# Palazzo Catalani  ???



## ouaifer (Sep 8, 2010)

_We have a Studio unit reserved for May, 2011 at Palazzo Catalani.

So, we have a few questions.  

What additional charges/fees are required/collected by the resort?

What are the Studio units like?  Is there a separate area for the main bed, or is it all one living space?  Are the Sudio units available on different floors?  Can one request an upper floor prior to check in?

Will the front desk hold your luggage until check in if you arrive early in the morning?

Although we have seen suggestions of things to do, any updates from recent trips would be appreciated.  If you do have information, could you please contact us through PMs or e-mail, as we have additional questions, as well.

Thanks all.   :whoopie: _


----------



## Judith (Sep 20, 2010)

*Palazzo Catalani*

We have been to Palazzo Catalani twice and can highly recommend it.  It is a small resort at the top of quite a steep hill and is a restored historic building.

All the apartments are different as the building has been restored to strict guidelines as it is such a historic building.  Therefore, it would be good if you could contact the resort to see if a specific unit has been allocated to your exchange so that you can request details of its layout, position etc.  The nicest ones have views of the garden or village rooftops.

Reception are very helpful so I'm sure that they would store your luggage if asked.  They have a small truck which they send down to bring your luggage up the hill if required.

Soriano is a very nice village with shops, cafes, restaurants, grocery stores etc.  The restaurant at the resort is good and don't miss the opera evening if it is on when you are there.  A super lady called Floriana is part of this operatic group and also arranges delightful outings around the area.

Mail me back if you wish with specific questions.

Best wishes

Judith


----------



## ValHam (Oct 27, 2010)

Last week I was at Palazzo- I was somewhat dissapointed- However - we took a 3 day side trip paying for extra hotels to Florence - Sure glad we did the Florence side trip- Every activity was cancelled at Palazzo- we could therefore not even experience the opera night.

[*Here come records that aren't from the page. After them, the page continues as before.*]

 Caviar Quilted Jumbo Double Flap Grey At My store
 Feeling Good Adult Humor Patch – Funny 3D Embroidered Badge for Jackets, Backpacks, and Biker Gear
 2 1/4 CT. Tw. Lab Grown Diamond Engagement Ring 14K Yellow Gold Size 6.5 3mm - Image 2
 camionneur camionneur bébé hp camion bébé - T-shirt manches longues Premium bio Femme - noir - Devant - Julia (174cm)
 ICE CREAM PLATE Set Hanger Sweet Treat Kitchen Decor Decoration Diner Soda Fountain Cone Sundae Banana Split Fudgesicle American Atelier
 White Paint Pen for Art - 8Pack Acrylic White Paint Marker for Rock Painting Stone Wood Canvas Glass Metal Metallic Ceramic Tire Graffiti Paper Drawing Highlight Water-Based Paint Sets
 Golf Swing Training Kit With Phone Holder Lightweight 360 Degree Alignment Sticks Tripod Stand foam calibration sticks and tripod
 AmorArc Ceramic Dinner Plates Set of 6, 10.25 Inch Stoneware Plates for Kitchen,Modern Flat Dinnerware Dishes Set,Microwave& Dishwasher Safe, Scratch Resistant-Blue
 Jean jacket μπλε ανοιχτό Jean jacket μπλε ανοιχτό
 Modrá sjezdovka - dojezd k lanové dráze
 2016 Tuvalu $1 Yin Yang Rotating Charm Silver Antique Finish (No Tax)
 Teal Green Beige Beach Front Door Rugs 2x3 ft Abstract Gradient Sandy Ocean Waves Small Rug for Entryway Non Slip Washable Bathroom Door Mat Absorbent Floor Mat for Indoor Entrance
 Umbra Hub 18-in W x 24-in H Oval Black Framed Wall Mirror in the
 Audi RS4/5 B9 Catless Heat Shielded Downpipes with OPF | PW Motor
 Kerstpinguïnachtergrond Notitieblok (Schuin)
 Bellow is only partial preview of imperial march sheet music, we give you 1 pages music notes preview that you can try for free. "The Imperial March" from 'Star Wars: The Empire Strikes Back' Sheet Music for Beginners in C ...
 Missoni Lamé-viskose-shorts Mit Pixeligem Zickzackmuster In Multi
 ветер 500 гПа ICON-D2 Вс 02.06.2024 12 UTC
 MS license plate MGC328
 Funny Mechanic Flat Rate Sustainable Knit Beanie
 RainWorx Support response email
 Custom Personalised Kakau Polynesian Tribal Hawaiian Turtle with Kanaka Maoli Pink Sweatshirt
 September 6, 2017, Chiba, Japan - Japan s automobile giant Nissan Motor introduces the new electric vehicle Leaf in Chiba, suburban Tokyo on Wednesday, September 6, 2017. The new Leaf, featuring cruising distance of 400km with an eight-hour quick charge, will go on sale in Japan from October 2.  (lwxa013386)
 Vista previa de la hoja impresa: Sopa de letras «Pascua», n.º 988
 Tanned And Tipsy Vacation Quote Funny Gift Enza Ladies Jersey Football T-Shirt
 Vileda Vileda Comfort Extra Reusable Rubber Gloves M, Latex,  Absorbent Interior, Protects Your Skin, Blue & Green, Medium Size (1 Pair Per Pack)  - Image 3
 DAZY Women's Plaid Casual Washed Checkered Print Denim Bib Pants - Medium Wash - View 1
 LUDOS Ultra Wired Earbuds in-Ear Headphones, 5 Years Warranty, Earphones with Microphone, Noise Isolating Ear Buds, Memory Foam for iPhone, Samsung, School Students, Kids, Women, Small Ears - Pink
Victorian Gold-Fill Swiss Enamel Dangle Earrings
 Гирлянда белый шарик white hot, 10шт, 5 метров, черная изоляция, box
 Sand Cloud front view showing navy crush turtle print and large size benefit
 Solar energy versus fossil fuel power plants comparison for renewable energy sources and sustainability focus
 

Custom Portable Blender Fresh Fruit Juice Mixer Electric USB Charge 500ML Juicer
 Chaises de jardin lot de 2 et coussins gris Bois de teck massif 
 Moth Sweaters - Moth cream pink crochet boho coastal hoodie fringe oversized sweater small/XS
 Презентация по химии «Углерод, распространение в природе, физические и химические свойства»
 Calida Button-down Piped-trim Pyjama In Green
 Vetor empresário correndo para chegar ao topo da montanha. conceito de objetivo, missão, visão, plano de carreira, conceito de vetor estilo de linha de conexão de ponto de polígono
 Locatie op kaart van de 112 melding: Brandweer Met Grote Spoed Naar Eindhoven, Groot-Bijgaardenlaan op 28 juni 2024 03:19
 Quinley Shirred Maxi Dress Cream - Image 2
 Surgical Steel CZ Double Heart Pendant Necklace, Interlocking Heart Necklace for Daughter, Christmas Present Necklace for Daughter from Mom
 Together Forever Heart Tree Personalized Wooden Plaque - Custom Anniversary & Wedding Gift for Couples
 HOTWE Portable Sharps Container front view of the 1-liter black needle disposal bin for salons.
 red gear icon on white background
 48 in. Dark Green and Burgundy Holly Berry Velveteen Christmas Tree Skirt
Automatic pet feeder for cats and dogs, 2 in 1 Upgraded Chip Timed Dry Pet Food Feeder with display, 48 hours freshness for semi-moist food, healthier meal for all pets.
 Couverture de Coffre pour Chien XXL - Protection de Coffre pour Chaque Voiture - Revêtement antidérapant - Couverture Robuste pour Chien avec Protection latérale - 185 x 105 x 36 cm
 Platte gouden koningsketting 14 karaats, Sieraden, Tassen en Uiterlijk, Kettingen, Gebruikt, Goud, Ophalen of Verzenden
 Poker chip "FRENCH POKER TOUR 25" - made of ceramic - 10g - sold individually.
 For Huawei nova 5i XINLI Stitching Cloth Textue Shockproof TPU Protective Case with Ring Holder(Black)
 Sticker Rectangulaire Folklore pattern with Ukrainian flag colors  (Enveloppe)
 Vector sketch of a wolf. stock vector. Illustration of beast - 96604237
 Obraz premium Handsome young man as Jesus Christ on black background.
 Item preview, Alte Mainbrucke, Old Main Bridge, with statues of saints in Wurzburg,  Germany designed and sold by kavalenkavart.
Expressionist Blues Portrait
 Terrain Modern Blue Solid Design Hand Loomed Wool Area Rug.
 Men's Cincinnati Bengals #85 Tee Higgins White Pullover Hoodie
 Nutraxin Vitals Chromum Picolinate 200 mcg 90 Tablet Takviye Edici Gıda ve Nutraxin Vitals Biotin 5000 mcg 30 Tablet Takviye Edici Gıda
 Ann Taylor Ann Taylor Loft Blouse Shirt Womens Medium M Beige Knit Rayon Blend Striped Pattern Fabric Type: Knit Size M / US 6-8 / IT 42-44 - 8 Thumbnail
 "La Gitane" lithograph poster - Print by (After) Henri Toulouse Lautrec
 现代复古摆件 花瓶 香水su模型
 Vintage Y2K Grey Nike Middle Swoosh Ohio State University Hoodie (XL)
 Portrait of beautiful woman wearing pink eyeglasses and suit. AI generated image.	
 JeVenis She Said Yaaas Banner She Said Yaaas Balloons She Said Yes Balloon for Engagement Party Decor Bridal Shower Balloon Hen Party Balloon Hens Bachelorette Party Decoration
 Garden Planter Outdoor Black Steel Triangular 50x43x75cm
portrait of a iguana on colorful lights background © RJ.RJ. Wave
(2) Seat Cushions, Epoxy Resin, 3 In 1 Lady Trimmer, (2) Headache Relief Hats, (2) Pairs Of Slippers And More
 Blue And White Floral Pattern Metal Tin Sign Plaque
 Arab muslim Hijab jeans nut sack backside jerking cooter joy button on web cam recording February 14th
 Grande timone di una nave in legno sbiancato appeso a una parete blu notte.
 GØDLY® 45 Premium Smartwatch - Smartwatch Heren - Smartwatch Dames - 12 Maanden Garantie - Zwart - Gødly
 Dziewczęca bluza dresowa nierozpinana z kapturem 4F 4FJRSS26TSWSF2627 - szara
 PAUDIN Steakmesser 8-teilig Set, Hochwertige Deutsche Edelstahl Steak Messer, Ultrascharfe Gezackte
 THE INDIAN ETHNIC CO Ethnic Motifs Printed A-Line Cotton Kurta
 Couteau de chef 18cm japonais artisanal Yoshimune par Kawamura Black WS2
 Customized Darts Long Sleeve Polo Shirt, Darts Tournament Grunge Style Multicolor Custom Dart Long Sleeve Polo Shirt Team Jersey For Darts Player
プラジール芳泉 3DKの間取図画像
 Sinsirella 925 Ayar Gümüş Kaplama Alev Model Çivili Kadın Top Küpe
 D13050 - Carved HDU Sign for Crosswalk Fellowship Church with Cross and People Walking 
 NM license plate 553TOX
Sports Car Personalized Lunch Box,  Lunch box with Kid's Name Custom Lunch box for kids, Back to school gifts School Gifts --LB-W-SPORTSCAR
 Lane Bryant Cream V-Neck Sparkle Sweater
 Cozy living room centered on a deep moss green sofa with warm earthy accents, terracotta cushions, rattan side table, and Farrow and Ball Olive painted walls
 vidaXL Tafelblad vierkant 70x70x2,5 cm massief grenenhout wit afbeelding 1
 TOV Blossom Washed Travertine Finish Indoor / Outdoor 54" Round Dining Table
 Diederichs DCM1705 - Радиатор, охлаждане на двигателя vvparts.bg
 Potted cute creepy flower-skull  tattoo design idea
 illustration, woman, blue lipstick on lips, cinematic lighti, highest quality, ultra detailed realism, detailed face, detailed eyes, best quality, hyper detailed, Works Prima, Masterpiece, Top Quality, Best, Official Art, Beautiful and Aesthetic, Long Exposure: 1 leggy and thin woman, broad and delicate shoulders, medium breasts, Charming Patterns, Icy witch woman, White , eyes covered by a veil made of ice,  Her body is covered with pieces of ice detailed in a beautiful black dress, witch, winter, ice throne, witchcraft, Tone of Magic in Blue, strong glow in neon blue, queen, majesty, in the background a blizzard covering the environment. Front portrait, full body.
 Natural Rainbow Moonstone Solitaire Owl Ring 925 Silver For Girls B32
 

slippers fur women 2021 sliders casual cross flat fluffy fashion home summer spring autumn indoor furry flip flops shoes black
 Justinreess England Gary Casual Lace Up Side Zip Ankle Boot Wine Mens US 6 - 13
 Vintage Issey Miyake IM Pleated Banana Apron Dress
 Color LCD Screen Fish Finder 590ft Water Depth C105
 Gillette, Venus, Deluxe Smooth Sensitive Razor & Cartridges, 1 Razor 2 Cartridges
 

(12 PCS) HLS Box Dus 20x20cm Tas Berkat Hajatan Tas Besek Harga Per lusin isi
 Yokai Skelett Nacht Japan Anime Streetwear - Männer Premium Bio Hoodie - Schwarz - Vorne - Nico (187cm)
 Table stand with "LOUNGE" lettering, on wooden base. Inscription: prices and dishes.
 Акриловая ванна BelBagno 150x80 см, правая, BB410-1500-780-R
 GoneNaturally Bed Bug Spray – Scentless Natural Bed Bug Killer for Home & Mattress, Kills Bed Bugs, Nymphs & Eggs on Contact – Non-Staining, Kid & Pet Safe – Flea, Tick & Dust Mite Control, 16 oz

We had a studio - it is very modest - no real shower -lots of hills hotel restaurant overpriced- We rented a car and lots of towns to visit within 1-2 hours -However, anything really special like sienna or florence is at least 2 hurs- not worth it for a day. Siena is a nice clean town - However - it is just 1 of many hilltop town - I am glad I am in a hotel for a week in Rome  - a day trip would be a real hassle from Siena.


----------